As referenced in a previous post, I am reading Francis Chan's, Crazy Love. R. and I are also going through the book in a Sunday School class we're attending.


I am not sure what I was expecting but with a title like Crazy Love - I guess I was maybe thinking we would get M &M's and Sweet-Tarts and instead we get turnip greens and large Lima's. . . okay, I may have lost you with that analogy. . .


The book is heavier than I thought it would be (how's that?).


The book is challenging me and making me ask myself some uncomfortable questions; it's making me re-examine the way that I approach my time with God; it has caused me to begin to take a hard look at my priorities.


Today, in a chapter that challenges the reader to become "obsessed" with Christ, he hit me hard with a note about being safe.


The point of the section was that people that are "obsessed" with following Christ aren't consumed by their own comfort or well-being. He started by reciting a very familiar prayer...

not "Now I lay me down to sleep..." or even "The Lord's Prayer" ... it was the prayer we pray before we take a trip. The prayer for "traveling mercies".


Now most times when all four members of our family are in one vehicle and going in one direction (and those times are too rare lately), we will have a prayer before we start. In recent years, R. and I have delegated that duty to the kids. So someone leads us.


It was Ab that first inserted the line and then later AA started including it at the beginning of the prayer he leads. It goes like this:


"Lord Jesus we thank you for this day.

We pray that no one will get hurt...."


Did you hear that cry for safety... that was something like the prayer that the Fran-Chan-man talked about in the book. How it seems that our greatest desire is for safety.


I think God has already been dealing with me about this in recent years. I have felt His nudging as I prayed earnestly for Him to surround and protect my children. I wonder, is safety God's highest goal for them?


What if we prayed instead - that He might be glorified - even if there was some pain in that process?


Frankly, I know that is what we should do, but it scares me.


Today I thought about the Puritans gathered in the harbor Europe in the 1600's. They were preparing to leave their homeland and sail to an unknown land - the New World. I don't know for sure, but I doubt that safety was their highest priority. In fact there was an underlying sadness as they said good-bye to loved ones because they knew that many would never meet again on earth.


Their trip to establish Plymouth colony and to found many of the "first principles" that came to define America was a grand adventure and if you want to partake in adventure - you can't concentrate solely on safety. Otherwise you'd best just stay at home.
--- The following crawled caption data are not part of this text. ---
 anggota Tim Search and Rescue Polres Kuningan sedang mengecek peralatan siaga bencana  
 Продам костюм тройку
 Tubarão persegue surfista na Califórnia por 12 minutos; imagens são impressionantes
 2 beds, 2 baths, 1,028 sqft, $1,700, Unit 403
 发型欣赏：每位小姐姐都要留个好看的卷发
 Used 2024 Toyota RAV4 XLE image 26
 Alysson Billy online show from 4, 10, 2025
You know, people that are more concerned about being safe... undisturbed. . . than they are about participating in the adventure Jesus would create for them, will give up all kinds of things in the name of safety. Do you ever look around at all the freedoms we have given up in the name of safety?

I have a very fond memory of riding part of the way home from one Florida vacation, on the top of the back seat, warming in the sun filtering through that back window....
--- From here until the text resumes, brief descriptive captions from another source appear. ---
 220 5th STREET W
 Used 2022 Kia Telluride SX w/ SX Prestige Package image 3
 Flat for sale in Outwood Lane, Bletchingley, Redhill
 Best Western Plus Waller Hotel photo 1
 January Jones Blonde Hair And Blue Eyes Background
I remember other times when I could catch a neat catnap snuggling in the floor of the car's back seat while my older sister stretched out on the seat... these practices are unheard of today.


It is with some regret that I make AA pull his bicycle back into the garage so he can put on that hot helmet, when I know there is a special wonder that comes from coasting down a hill on a bicycle with the wind blowing through your hair.


Once my cousins and I found an old skateboard under my grandparent's house. It was probably left behind from some of my older cousins. It had those skinny metal wheels with ball-bearings in them, and the wheels were pretty much rusted out.


My cousin and I said good-bye after that visit and we each took home with us some pretty impressive scars and road-rash, because we had ridden the wheels off that skateboard.


It hurt, but we had a great time and we drained that old combination of wood and rust of all the speed and adventure she could provide.


When the apostle Paul was heading back to Jerusalem for his last visit, people who were in positions to know kept warning him not to go. There was trouble ahead, it was common knowledge that he would likely be imprisoned. Yet he continued on.


Do you think Paul's biggest concern was safety?


No, he was allowing God to squeeze all the usefulness out of him that he could muster. He was not playing it safe, he was all about delivering the gospel. He would deliver it in the way he lived or in the way he died - it seemed to make no difference to him - just so long as God was glorified.


That trip to Jerusalem did end bad. Paul wound up in jail and eventually was transferred to Rome where he would die for the cause of Christ. Yet he wrote to Timothy just before he died:



"I have fought the good fight, I have finished the race, I have kept the faith." 2 Timothy 4:7 NKJV

I don't hear any regrets in that statement.


I will confess to you: I'm not where I think I should be on this issue. I hope God is taking me there.


I'm not saying we shouldn't pray for our children's safety or perhaps even our own.


But I am wondering if there shouldn't also be an even greater desire for God's will to be done -


for His adventure to unfold in our own lives and the lives of our children.

1 comment:

Robin said...

this book does tend to work on you like a good 'round of medicine'.